Verifico, porém, que esta fascinação que exercem certos poetas sobre mim e o decorrente desejo de os imitar não se traduz objectivamente numa obra destituída de originalidade e de cunho pessoal. Entre a obra que imitei ou tentei imitar e a obra que escrevi subsiste uma diferença essencial e é essa diferença que me leva a pensar que o meu livro possui a autonomia e a originalidade que considero imprescindíveis numa obra literária e que, de modo algum, foram prejudicadas pela influência que sobre ela exerceu outra obra. Pelo contrário, a influência pode ser decisiva para a descoberta da voz original do poeta que procura o seu caminho ou que, tendo-o encontrado, aspira a novos rumos para que a identidade se renove e se intensifique.
Estive todo este tempo a ouvir-te sem te interromper, disse-me Mário, porque quis ouvir a tua argumentação até ao fim, tão interessado estava nela.
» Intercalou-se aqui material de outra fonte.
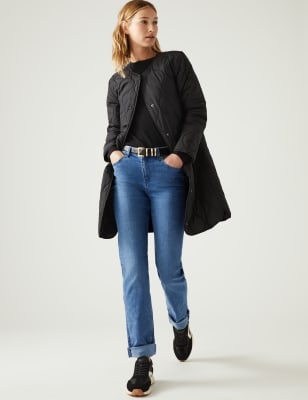 Marks And Spencer Womens M&S Collection Sienna Straight Leg Jeans with Stretch - Med Blue Denim, Med Blue Denim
Estou de acordo contigo, embora tenha ficado um pouco surpreendido, porque nunca pensei que a originalidade e a influência pudessem ser compatíveis. E há muita gente, tanto poetas como leitores, que não pensa assim. E até em Estocolmo, se se soubesse que tu, de vez em quando, cometes um plágio, não te atribuíam o Nobel.
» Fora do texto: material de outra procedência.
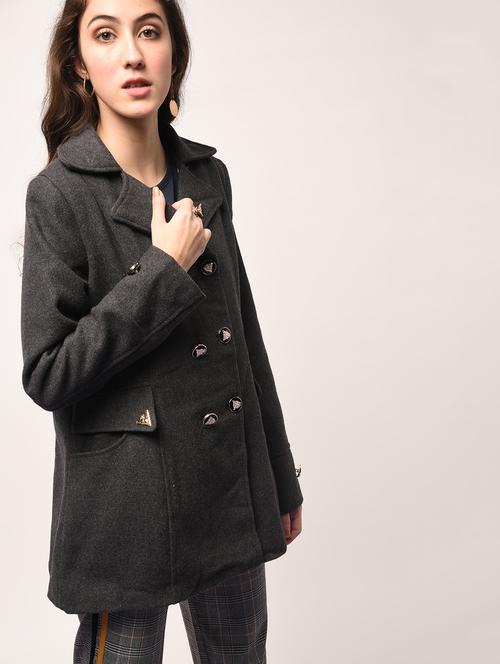 faux fur button detail overcoat - 15801933 - Very Small Image - 1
Sim, há muita gente que não estará de acordo comigo, porque acharia que a minha argumentação é paradoxal. Quanto ao Nobel, embora te pareça insincero, espero e desejo não vir a ganhá-lo, porque se isso acontecesse seria uma grande catástrofe para o meu sistema nervoso. O mundo da informação, e não só, cair-me-ia em cima, e lá se ia toda a minha tranquilidade, que tanto prezo. Além disso, penso que outros escritores seriam mais dignos desse prémio do que eu, como, por exemplo, Vergílio Ferreira, para só citar aquele que, além da originalidade e riqueza do seu estilo, possui uma dimensão filosófica que fez dele um grande pensador, e que nenhum outro escritor português possui. Reconheço a grandeza desse escritor e a de outros, que merecem o Prémio Nobel, mas, no que me diz respeito, embora seja suficientemente consciente do meu mérito, julgo que a grandeza não cabe a mim, sempre pensei assim, talvez por excessiva modéstia, e assim continuarei a pensar.
Voltando aos teus pequenos plágios, sugeriu Mário, porque não me dás um exemplo ou dois desses plágios ou “incorporações”, como também tu lhes chamas.
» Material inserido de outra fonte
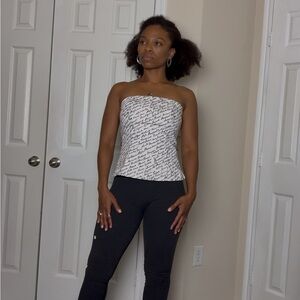 White Script Print Tube Top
 Sim, concordei, não receio fazê-lo. Referirei dois casos interessantíssimos e sumamente engraçados. Estava a trabalhar com um tradutor, aliás excelente, na tradução de um livro que foi editado em França. A certa altura, o nosso trabalho incidiu sobre três ou quatro versos de um poema do meu livro Volante Verde. A versão que o tradutor fizera não me pareceu satisfatória e sugeri-lhe então que traduzisse literalmente aqueles versos para francês. Objectou-me ele, peremptoriamente, que nenhum poeta francês escreveria aqueles versos assim. Retorqui-lhe então: Mas foi um poeta francês que os escreveu: Yves Bonnefoy. Efectivamente, eu incorporara esses versos desse poeta e traduzira-os literal-mente, de tal modo que a retroversão literal para francês coincidia exactamente com o original. Assim, os versos que incorporara no meu poema voltaram à origem sem perderem a sua identidade. O outro caso não é menos interessante, mas é um tanto humilhante para mim. Estava um dia a ler um texto de um poeta francês, Pierre Dhainaut, na revista Gradiva, num número de homenagem a Octavio Paz, quando deparei com uma frase que me deslumbrou, por ser extremamente poética. Imediatamente a traduzi e transformei num pequeno poema que publiquei mais tarde num livro. Curiosamente, o editor, para dar uma amostra da poesia contida nesse livro, inseriu esse poema na contracapa dessa obra. Achei graça, mas senti que essa escolha significava uma desqualificação da minha poesia. No entanto, parece-me que a meia dúzia de plágios que fiz (o maior deles foi uma tradução literal de cinco versos) se justificavam na medida em que, e desse modo, actualizam virtualidades implícitas no contexto original. Mas eu sei que há quem não aceite esta explicação…
Voltando à primeira parte da nossa conversa, atalhou Mário, parece-me que, embora de uma maneira não explícita, tu deprecias a poesia e ao mesmo tempo deprecias-te a ti próprio como poeta e parece-me que estas duas atitudes talvez se relacionem uma com a outra.
Bom, retorqui, a minha noção de poesia nunca foi depreciativa. Pelo contrário… Sempre achei que a poesia permite o acesso a uma dimensão essencial do homem, que está atrofiada na sociedade actual, mas que é necessário manter viva para que o homem não seja reduzido à sua escravatura no sistema e para que possa um dia libertar-se dela e viver uma vida mais humana e mais livre. Parece-me que é a mais alta noção que se pode ter de poesia. Mas é, precisamente, por isso que a poesia não se circunscreve ao âmbito literário e aponta a uma realidade que é mais vasta e mais essencial do que ela própria. Digamos que a essência da poesia é revolucionária ou subversiva porque visa a mudança radical da vida. “Il faut changer la vie”, como dizia Rimbaud. No que me diz respeito, devo dizer-te que a minha auto-estima sempre foi deficiente, embora nos últimos tempos tenha subido um pouco devido a várias circunstâncias, talvez a uma certa maturidade e a uma melhor compreensão do meu próprio valor, para o que contribuiu, de algum modo, o reconhecimento de que tenho sido objecto. Mas isto é um problema pessoal que pouco ou nada interessa aqui. O essencial é a criação poética e é ela que me proporciona a mais profunda satisfação e me recompensa todas as vicissitudes e infortúnios, independentemente das homenagens e dos prémios, que têm vindo por acréscimo e, embora gratificantes, se situam na periferia e não no cerne da minha vida poética.”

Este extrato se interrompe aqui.